TOM MAGUIRE has an interesting collection of Richard Clarke links. Read this, too, in which we see that Clarke’s report that Condi Rice had never heard of Al Qaeda before he briefed her is in error.
Meanwhile Jeff Jarvis cuts to the chase:
The terrorists came within a matter of yards of killing me.
But I don’t blame the Bush or Clinton administrations for that. I blame the terrorists.Could we have stopped them? Only with some damned lucky breaks. We can’t make believe that any system would have guaranteed catching them before the act. For we have to remember that these are pathologically insane and evil beasts and it’s impossible to guess how low they will stoop.
If we were lucky enough to have intelligence inside their devil’s cult, then, yes, we might have foiled their plot. But that’s obviously hard to do.
If we were lucky enough to have stopped one of them for speeding and locked them up, then might have foiled their plot. But that’s like counting on a lottery ticket.
What matters now is learning the lessons we can learn — and to that extent, the hearings are valuable — to protect us as best we can.
But I find the blame game going on now unseemly and divisive and unproductive and distracting and just a little bit tasteless.
Indeed.
UPDATE: Clarke claims that Condi Rice had never heard of Al Qaeda when he briefed her as she took office. But here’s what she said in the interview referenced above, which took place before the election:
During an interview on Detroit radio station WJR the year before the Clarke briefing, Rice mentioned bin Laden by name, then recommended: “You really have to get the intelligence agencies better organized to deal with the terrorist threat to the United States itself. One of the problems that we have is a kind of split responsibility, of course, between the CIA and foreign intelligence and the FBI and domestic intelligence.”
Then, in a chillingly prescient comment, Rice named bin Laden a second time, warning, “There needs to be better cooperation because we don’t want to wake up one day and find out that Osama bin Laden has been successful on our own territory.”

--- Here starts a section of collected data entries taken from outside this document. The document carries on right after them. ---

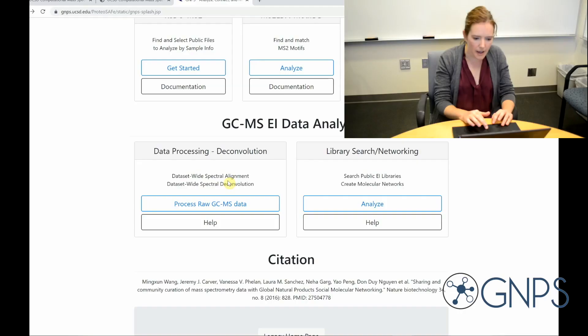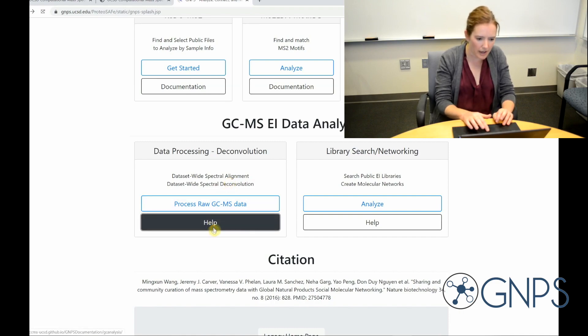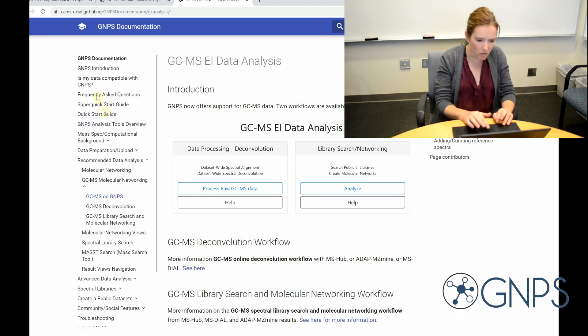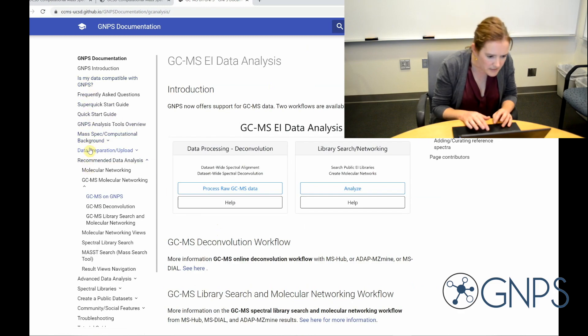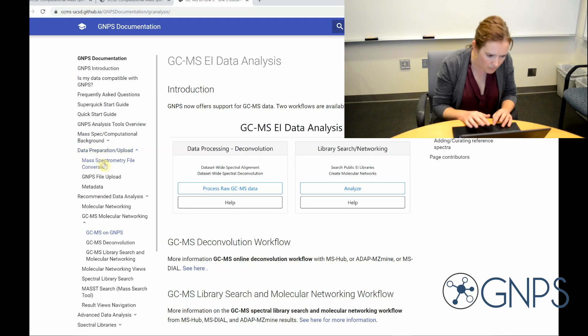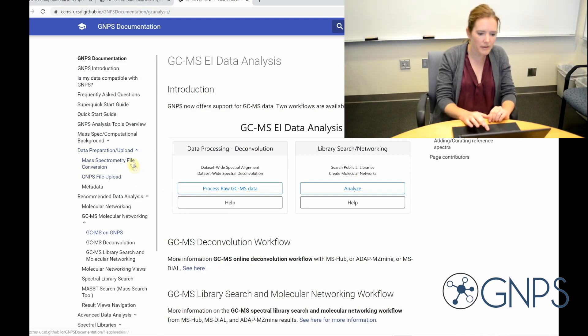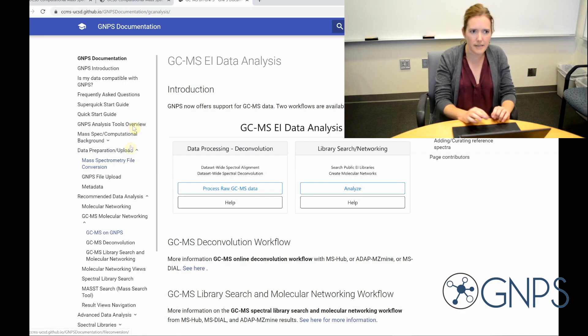The first step is to convert your files to mzml or cdf file formats and upload them to Massive on GNPS. So to do that, we have tutorials on our website. If you click on help and then go over here on the left, you can see there's a data upload preparation upload tab, and then you can find the instructions here. So we're not going to show that step.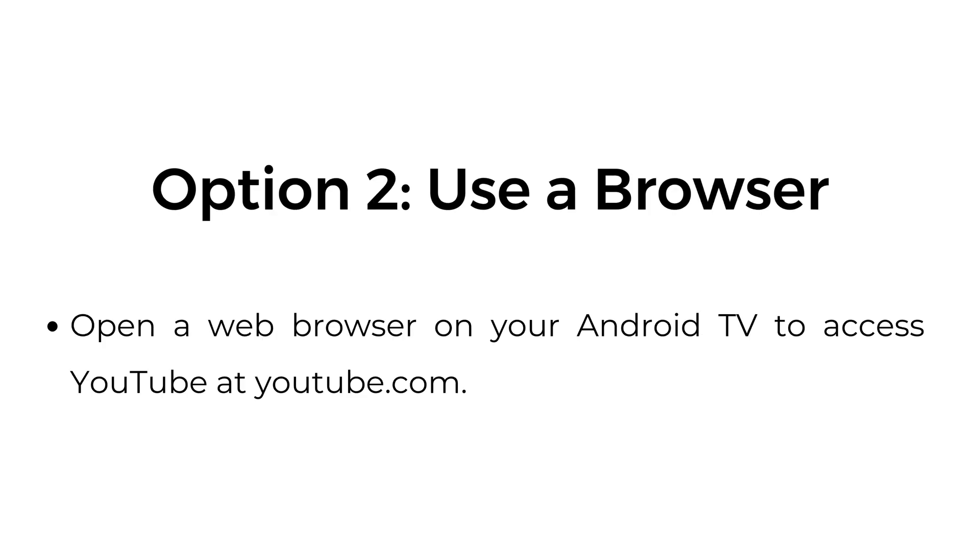Option two, use a browser. Open a web browser on your Android TV to access YouTube at YouTube.com.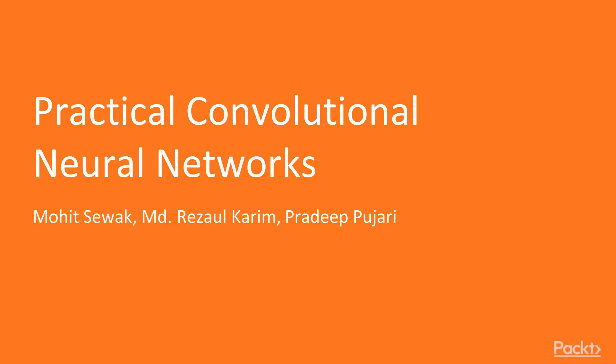Welcome to the course, Practical Convolutional Neural Networks, by PACT Publishing. The authors of this course are Mohit Savak, Mohamed Razoul Karim, and Pradeep Pajari. I am Todd Heppenstall, and I will be the voiceover artist for this course.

Sounds like a pretty good diagnosis of the problems with Clarke’s anti-terrorism operation to me. Compare that statement from 2000 with this postmortem from George Tenet at the 9/11 hearings:
He said the problem in part was operational and in part systemic. “We didn’t integrate all the data we had properly, and probably we had a lot of data that we didn’t know about that, if everybody had known about, maybe we would have had a chance,” Tenet said.

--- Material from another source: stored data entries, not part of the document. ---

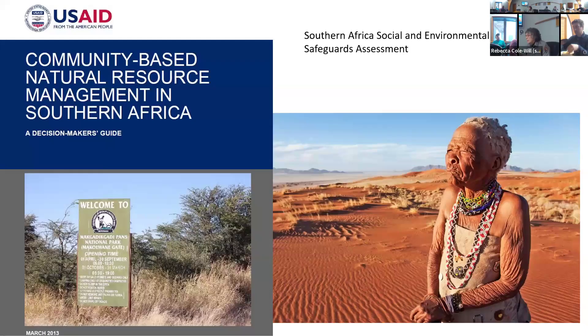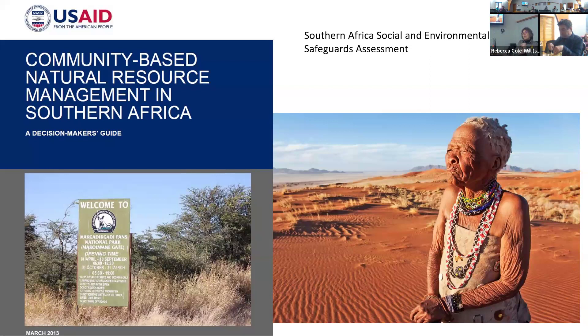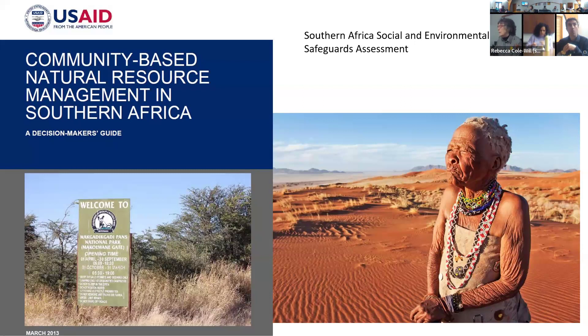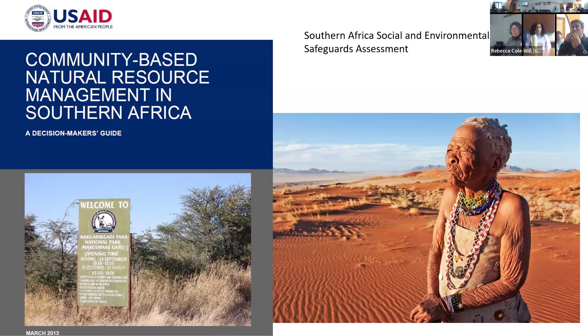For those of you who don't know me, my name is Rebecca Colwell. I am the program manager here at Acadia for resources. I applied for an ITAP, which is an international technical assistance program gig, and was accepted for this one, which is USAID engaged with the ITAP program to do an assessment of community-based natural resource management programs and environmental safeguards related to indigenous people in three countries in Southern Africa: South Africa, Namibia, and Botswana.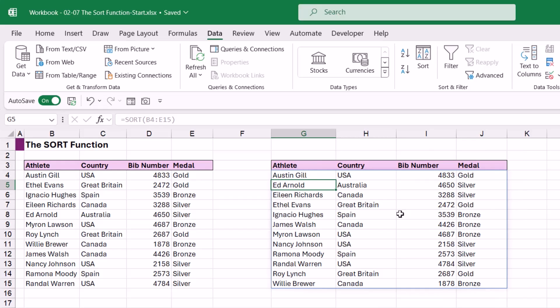It's worth noting that if you don't specify any other arguments, it's going to sort by the first column and sort A to Z. You can see here it's sorted by the athlete column — Austin is first and Willie is last.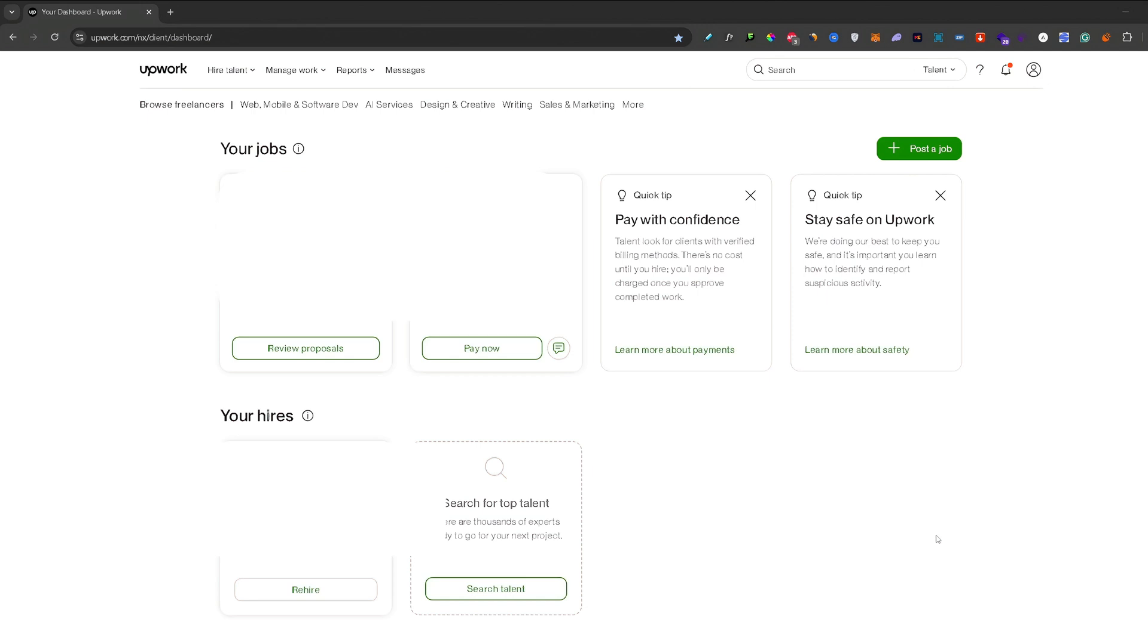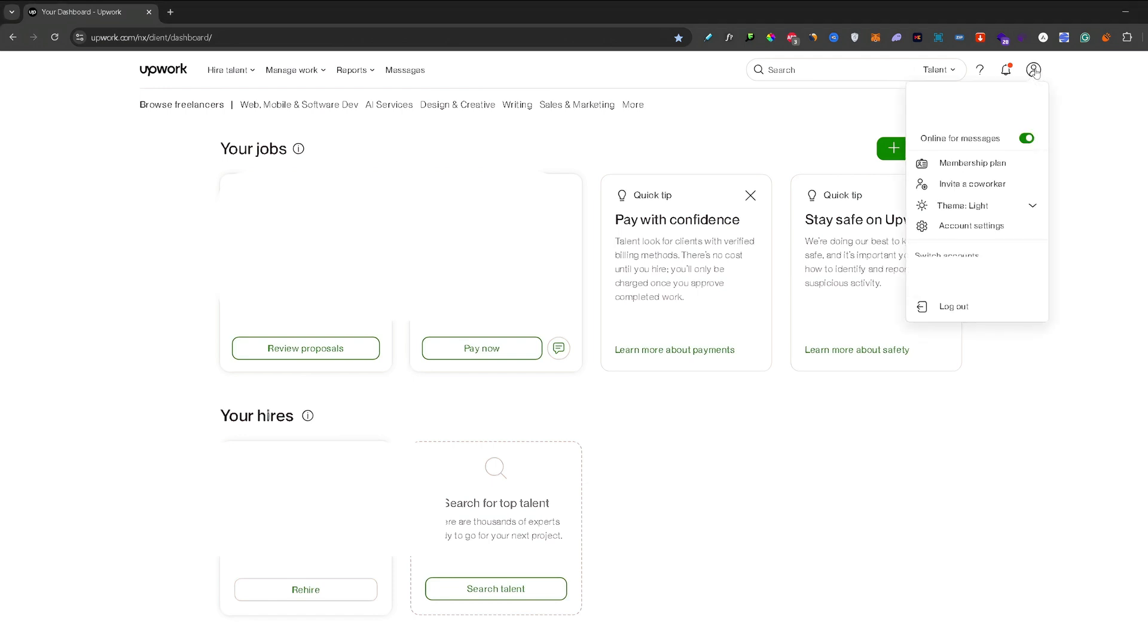Now let's get started. First, once you open your Upwork, this will be the default page. From here, go to your account icon and then to the settings tab.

He also pointed to the “wall that was in place between the criminal side and the intelligence side” of law enforcement domestically and internationally as an impediment. “Even people in the Criminal Division and the Intelligence Divisions of the FBI couldn’t talk to each other, let alone talk to us or us talk to them,” Tenet explained.
Sounds like Condi was on top of things back then, not clueless as Clarke is claiming now. To add to Jeff Jarvis’s take: distracting, tasteless — and dishonest.